Hyun-Yeop Lee received his B.S. degrees from the Department of Electrical Engineering, Korea Aerospace University, Goyang, Korea in 2021. His research interests include the design of RFIC, data converters, and radar systems.


Young-Jin Kim received his B.S. degree in electrical engineering from Kyungpook National University in 1995. He received M.S. and Ph.D. degrees in electrical engineering from the Korea Advanced Institute of Science and Technology (KAIST) in 1997 and 2002, respectively. His Ph.D. dissertation focused on the transceiver architecture of image rejection and spurious rejection. In 2002, he joined Samsung Electronics Co. Ltd., Korea, as a senior engineer. Since then, he has participated in the design of CDMA and GSM/GPRS wireless mobile applications. Furthermore, he designed an LNA and down-conversion mixer for multimode CDMA and GSM/GPRS. In 2006, he joined the School of Electronics and Information Engineering, Korea Aerospace University, Goyang, Korea.

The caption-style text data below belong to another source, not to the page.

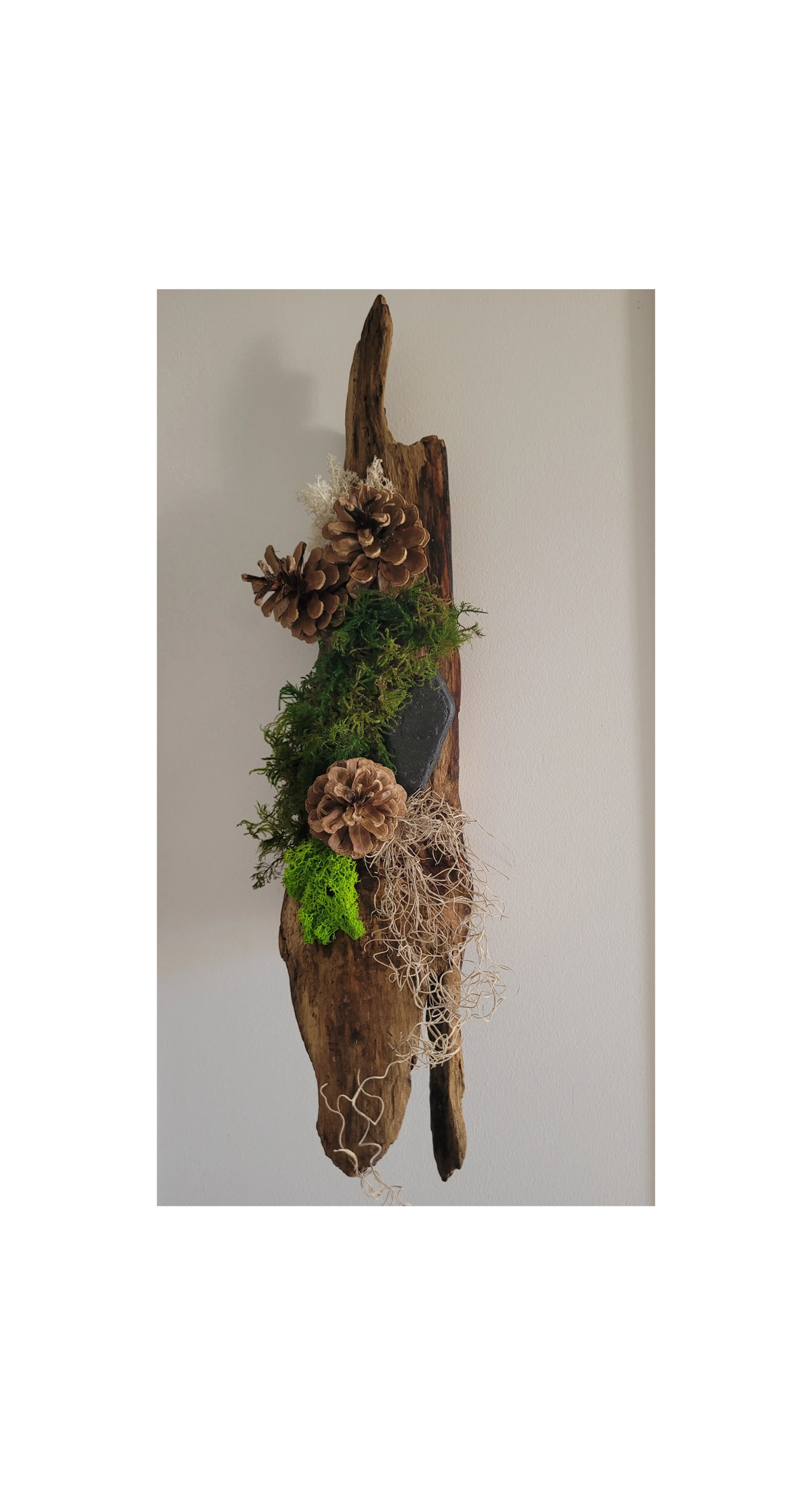 Tableau végétal d'angle sur bois flotté
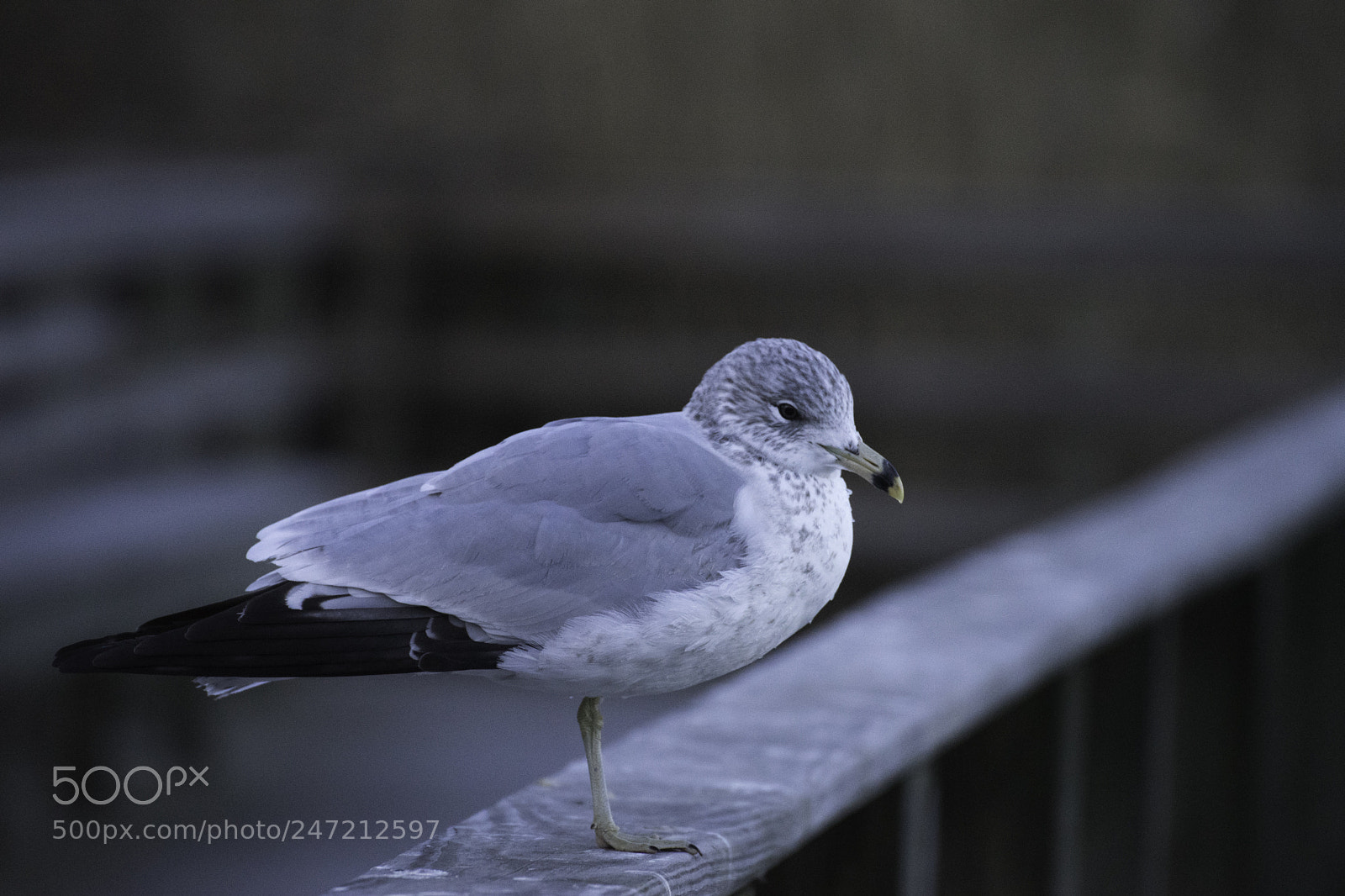 Sony a7 sample photo. Bird photography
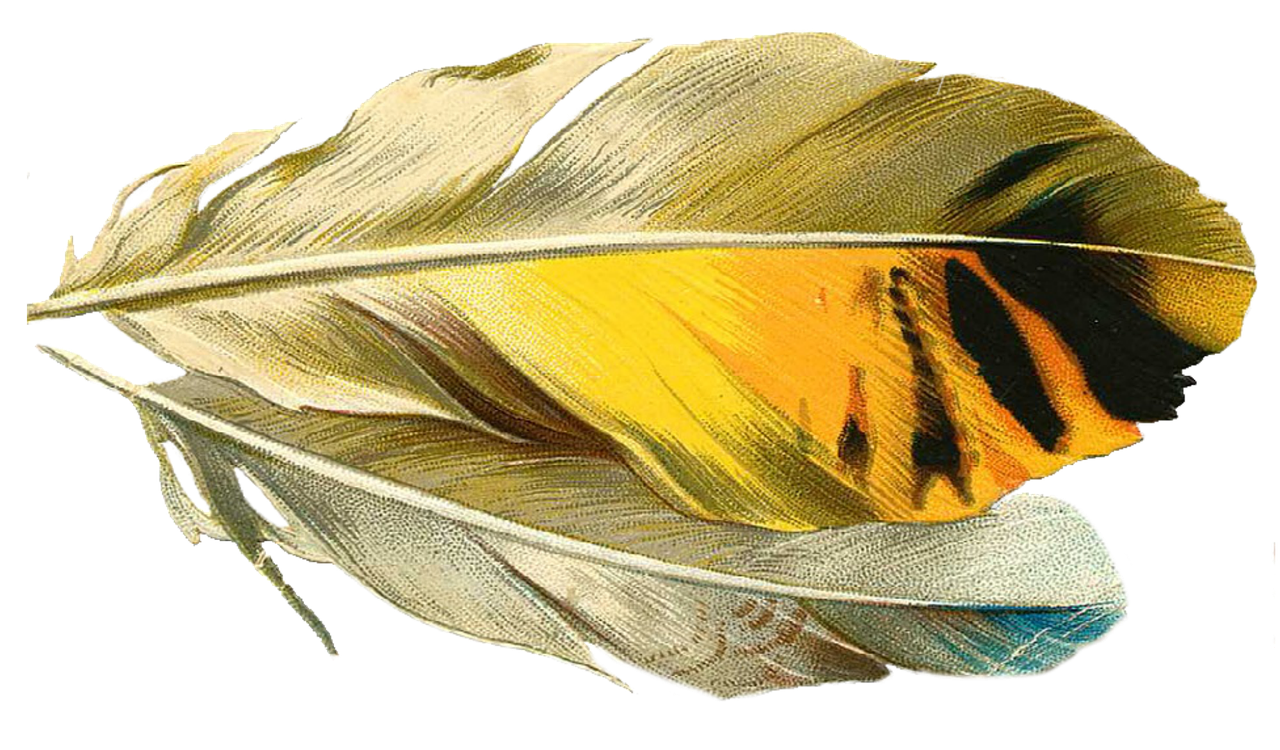 feather quill old free photo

Choon-Sik Cho received his B.S. in Control and Instrumentation Engineering from Seoul National University in 1987, his M.S. in Electrical and Computer Engineering from the University of South Carolina in 1995, and his Ph.D. in Electrical and Computer Engineering from the University of Colorado in 1998. From 1987 to 1993, he worked at LG Electronics with a focus on communication systems. From 1999 to 2003, he worked for Curitel, where he was principally involved in the development of mobile phones. He joined the School of Electronics and Information Engineering at Korea Aerospace University in 2004. His research interests include the design of RFIC/MMIC, millimeter-wave ICs, analog circuits, and radar systems.